World record silicon-based millimeter-wave power amplifiers
Two teams of DARPA performers have achieved world record power output levels using silicon-based technologies for millimeter-wave power amplifiers. RF power amplifiers are used in communications and sensor systems to boost power levels for reliable transmission of signals over the distance required by the given application. Further integration efforts may unlock applications in low-cost satellite communications and millimeter-wave sensing.
The first team, composed of performers at the University of Southern California and Columbia University, achieved output power levels of nearly 0.5 W at 45 gigahertz with a 45 nanometer silicon complementary metal oxide semiconductor (CMOS) chip. This world record result for CMOS-based power amplifiers doubles output power compared to the next best reported CMOS millimeter-wave power amplifier. The chip design used multiple stacked 45 nanometer silicon-on-insulator CMOS devices for increased effective output voltage swing and efficient 8-way on-chip power-combining. Results will be reported at the 2013 Institute of Electrical and Electronics Engineers Radio Frequency Integrated Circuits Symposium.
The second team, made up of MIT and Carnegie Mellon University researchers, demonstrated a 0.13 micrometer silicon-germanium (SiGe) BiCMOS power amplifier employing multistage power amplifier cells and efficient 16-way on-chip power-combining. This amplifier has achieved power output of 0.7 W at 42 gigahertz, a 3.5 times increase in output power compared to the next best reported silicon-based millimeter-wave power amplifier; this result was reported at the 2013 International Solid-State Circuits Conference (ISSCC).

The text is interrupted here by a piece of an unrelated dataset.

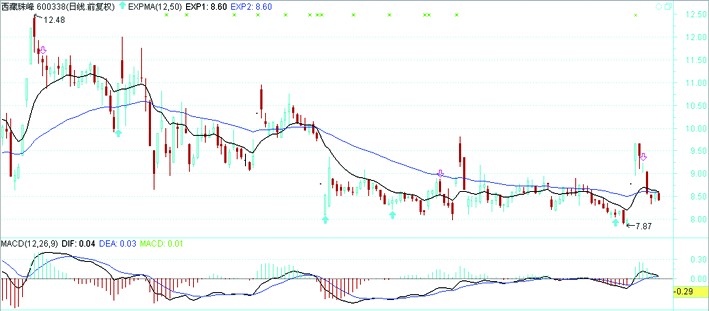 年报倒计时 功课先做足(图)-中国平安(601318)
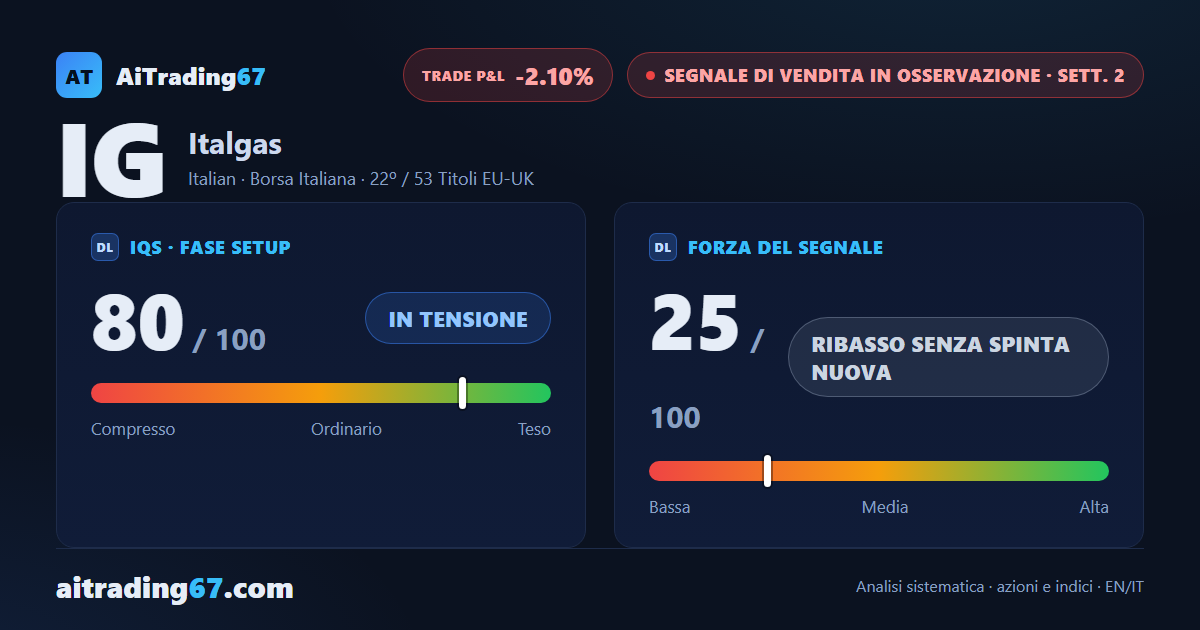 Italgas recupera il 2,1%, il segnale di vendita rallenta in vista della trimestrale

"Millimeter-wave power amplifiers have been demonstrated at this power level before, but this is a record with silicon-based technologies," said Sanjay Raman, DARPA program manager. "Producing this level of output with silicon may allow integration on a chip with complex analog and digital signal processing. In the 42-25 GHz range, this would enable high bandwidth/data-rate transmitters needed for satellite communications at potentially very low cost and size, weight and power."
Silicon-based circuit techniques developed under the ELASTx program may eventually be applied to even higher performance compound semiconductor devices, such as gallium nitride high electron mobility transistors. These architectural breakthroughs will be investigated for such integration opportunities under a different DARPA effort, the Diverse Accessible Heterogeneous Integration (DAHI) program.